Preston Taxis Ltd has been granted permission to extend its opening hours in Havelock Street from 6pm to 11:59pm despite opposition from local residents and the leader of the city council.
The firm was originally given planning permission to operate between 8am and 6pm by the planning committee in January.
But the owner has now been allowed an extra six hours under strict conditions banning taxi drivers and passengers from using the office as a pick-up point.
Council officers say that if cabs do not visit the site and drivers work remotely then operating until midnight would be "no different" to anyone else working from home.
The application was "called in" by council leader Coun Matthew Brown and fellow Labour member for Plungington, Coun Nweeda Khan, to be debated by the planning committee over concerns it could have an adverse effect on residents "in terms of excessive noise during the evenings" and exacerbate existing parking issues in the street.
The firm said it needed the extension of opening "due to rules for obtaining a new operator licence."
But officers revealed the council's licensing manager had confirmed there were no such rules and that a licence holder could work as many or as few hours as they wished.
Seven letters of objection were received from locals unhappy with the proposal to open until midnight. They voiced concerns about increased traffic, parking and excessive noise and disturbance.
The conditions imposed on the taxi firm limit the booking office to just one member of staff, contacting the drivers via an app. Drivers are not allowed to visit the office and must work remotely.
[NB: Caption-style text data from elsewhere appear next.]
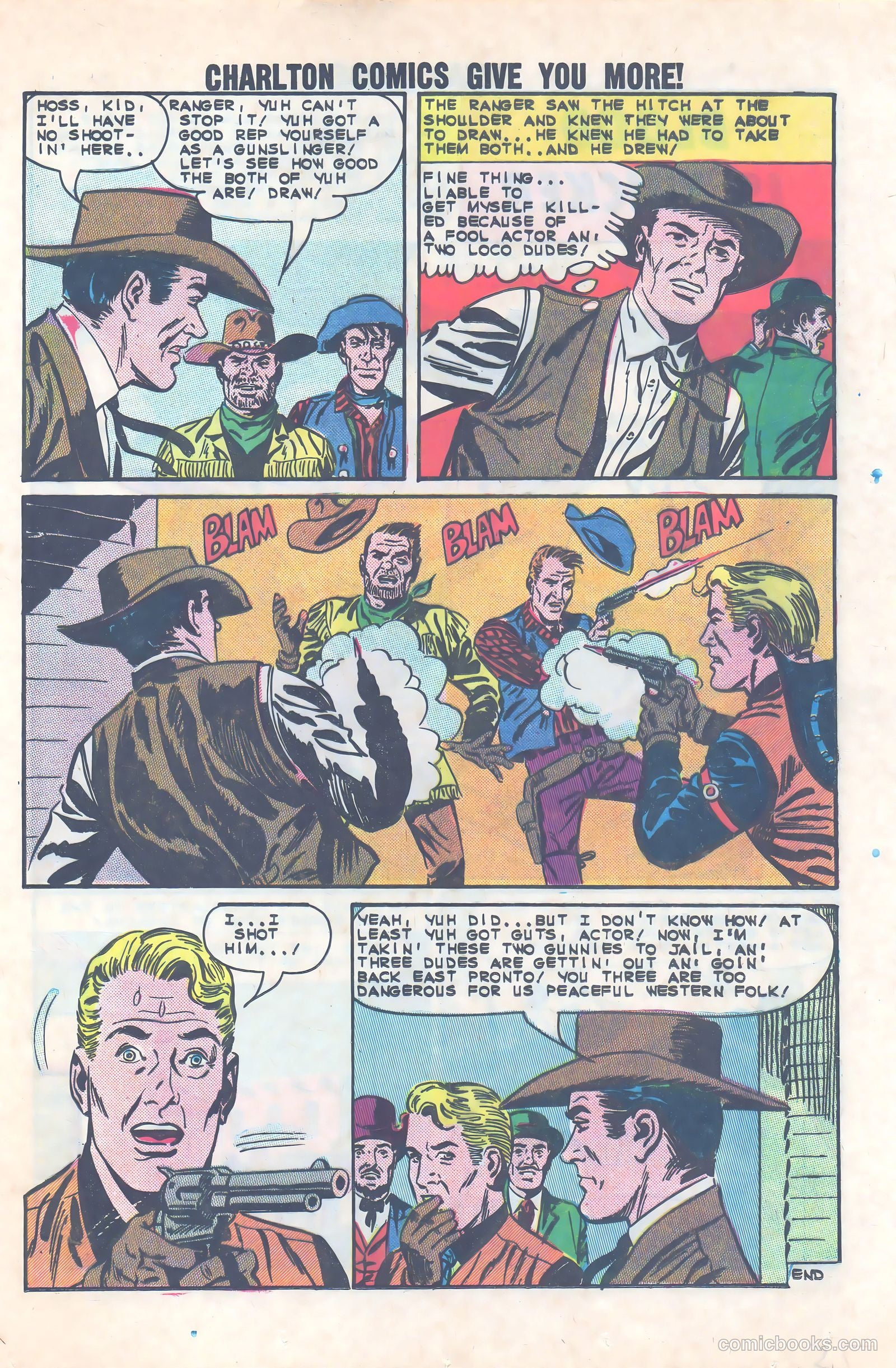 Texas Rangers in Action #44 (1964) — page 25 of 36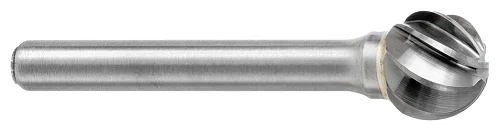 ATA SGSPRO 29036 Tool # SD-1M, 6.0 mm Cutter DIA x 5.0 mm Length of Cut x 6.0 mm Shank DIA x 50.0 mm Overall Length, Solid Carbide Non-Ferrous Ball Shaped Bur for Non-Ferrous Materials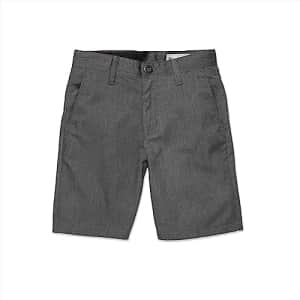 Volcom Frickin Chino Shorts (Big Little Boys Sizes), Charcoal Heather 1, 27 for $17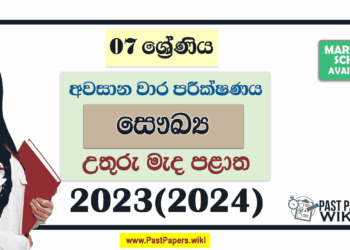 North Central Province 2023(2024) Grade 07 Health 3rd Term Test Paper with Answers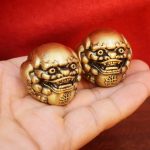 Bronze Xiu Health Ball Hand Toy Massage Fitness Ball Wellness Stress Relief Gift For Middle-Aged And Elderly Wealth God Hand Ball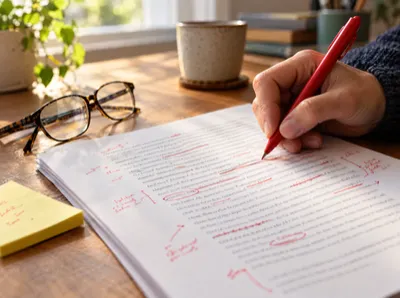 Professional book editing service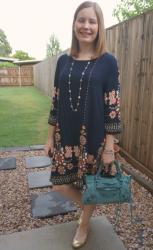 Blue & Teal Outfits: Floral Dresses and Weekday Wear Link Up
Customer bookings must go straight to drivers and no customers are allowed to be picked up at the office, instead they must book a taxi by the app, online or by telephone.
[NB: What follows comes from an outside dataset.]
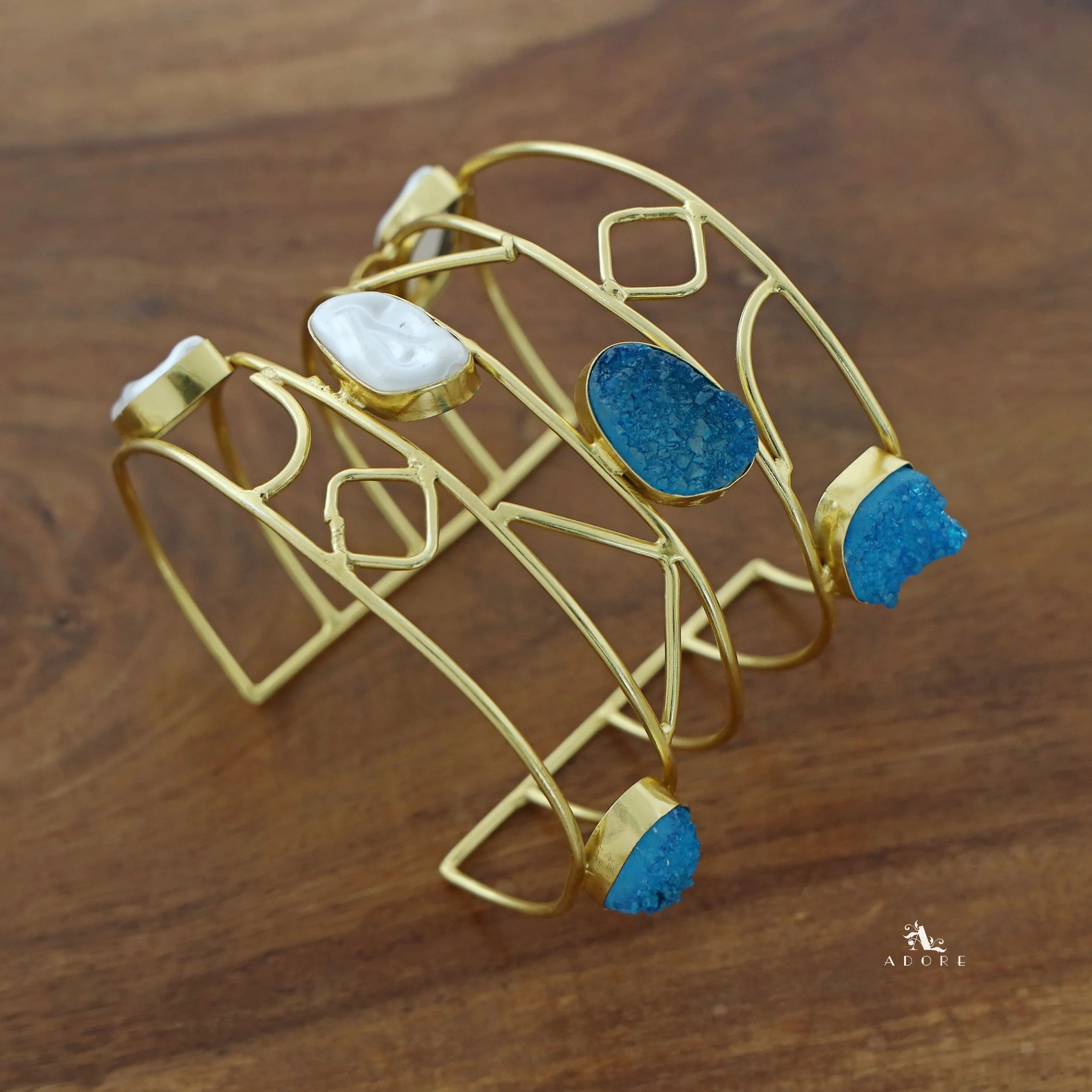 Deanna 4 Layered Druzy Stone + Baroque Bangle - Image 6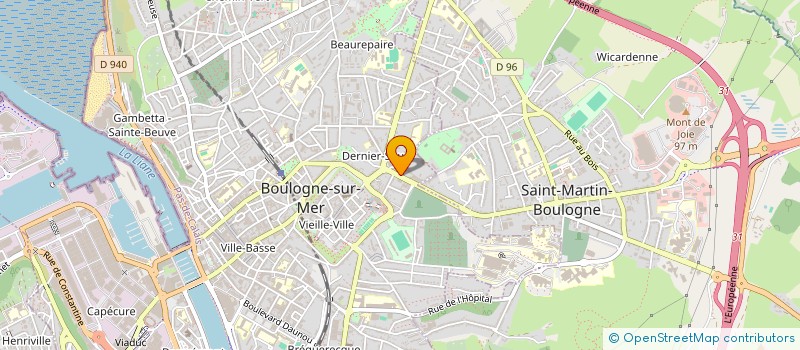 localisation de l'entreprise MADAME JULIETTE WARIN à BOULOGNE-SUR-MER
There must be no waiting room at the property and sound insulation work has to be carried out to walls adjoining properties next door.
Louise Purdy, senior environmental health officer at the Town Hall, said that the firm had only sought to use the house for its booking office as a temporary measure "until more suitable premises are found."
But she added: "Unfortunately the applicant can't yet confirm for how long this will be, so in theory this could become a permanent arrangement."
A report by officers to the planning committee said: "Use of an office for the purpose of taking telephone calls/accepting bookings over the phone and passing bookings on to taxi drivers would be the equivalent of working from home, which is not considered to be disruptive to residential amenity.
"The proposed extended hours of 18:00 to 23:59pm would be no different (to) the previously approved hours of 08.00am to 18:00pm, in terms of impact on residential amenity.
"Moreover, the taxi booking office would only employ one full time member of staff and the comings and goings of 1no. individual from the site would have no greater unacceptable or significant impact than that of a traditional family dwelling."